The U.S. Supreme Court ruled earlier this year that a president is immune from prosecution for official acts.
“Although the defendant was the incumbent President during the charged conspiracies, his scheme was fundamentally a private one,” Smith wrote in the filing. “Working with a team of private co-conspirators, the defendant acted as a candidate when he pursued multiple criminal means to disrupt, through fraud and deceit, the government function by which votes are collected and counted — a function in which the defendant, as President, had no official role.”
The Supreme Court’s decision in Trump v. United States ruled Smith could not prosecute Trump for the president’s alleged use of the Justice Department to delve into unproven claims of widespread voter fraud in the 2020 election.
In response, Smith filed an updated indictment revising the allegations against Trump.
“None of the allegations or evidence is protected by presidential immunity,” Smith wrote.
“He extensively used private actors and his campaign infrastructure to attempt to overturn the election results and operated in a private capacity as a candidate for office,” Smith wrote.

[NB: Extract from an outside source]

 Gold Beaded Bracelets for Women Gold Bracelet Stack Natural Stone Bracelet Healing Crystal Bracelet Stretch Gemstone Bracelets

“To the limited extent that the superseding indictment and proffered evidence reflect official conduct, however, the Government can rebut the presumption of immunity because relying on that conduct in this prosecution will not pose a danger of intrusion on the authority or functions of the Executive Branch,” he added.
Trump has pleaded not guilty to all charges brought against him by Smith.
Smith also put forth a “factual proffer,” which alleges Trump “resorted to crimes to try to stay in office” after losing to President Joe Biden in the 2020 presidential election.
“With private co-conspirators, the defendant launched a series of increasingly desperate plans to overturn the legitimate election results in seven states that he had lost—Arizona, Georgia, Michigan, Nevada, New Mexico, Pennsylvania, and Wisconsin,” Smith wrote in the filing.
“His efforts included lying to state officials in order to induce them to ignore true vote counts; manufacturing fraudulent electoral votes in the targeted states; attempting to enlist Vice President Michael R. Pence, in his role as President of the Senate, to obstruct Congress’s certification of the election by using the defendant’s fraudulent electoral votes; and when all else had failed, on January 6, 2021, directing an angry crowd of supporters to the United States Capitol to obstruct the congressional certification.”
Smith alleges Trump and his co-conspirators attempted to interfere with the “federal government function by which the nation collects and counts election results, which is set forth in the Constitution and the Electoral Count Act (ECA); a conspiracy to obstruct the official proceeding in which Congress certifies the legitimate results of the presidential election; and a conspiracy against the rights of millions of Americans to vote and have their votes counted.”
A senior campaign adviser told Trump “on multiple occasions that various fraud claims were false,” Smith wrote.
“When our research and campaign legal team can’t back up any of the claims made by our Elite Strike Force Legal Team, you can see why we’re 0-32 on our cases,” the campaign adviser allegedly wrote. “I’ll obviously hustle to help on all fronts, but it’s tough to own any of this when it’s all just conspiracy s— beamed down from the mothership.”
Smith also asserted Trump and his lawyers “repeatedly changed the numbers in their baseless fraud allegations from day to day,” and “made up figures from whole cloth.”
Smith also wrote Trump “was on notice that there was no evidence of widespread election fraud in Arizona within a week of the election.” Also, Smith claimed Trump “had early notice that his claims of election fraud in Georgia were false.”
By the time Jan. 6 was on the calendar, Trump knew his “last hope” to overturn the results was “the large and angry crowd standing in front of him,” per Smith.
“So for more than an hour, the defendant delivered a speech designed to inflame his supports and motivate them to march to the Capitol. The defendant told the crowd many of the same lies he had been telling for months—privately and publicly, including to the officials in the targeted states—and that he knew were not true.”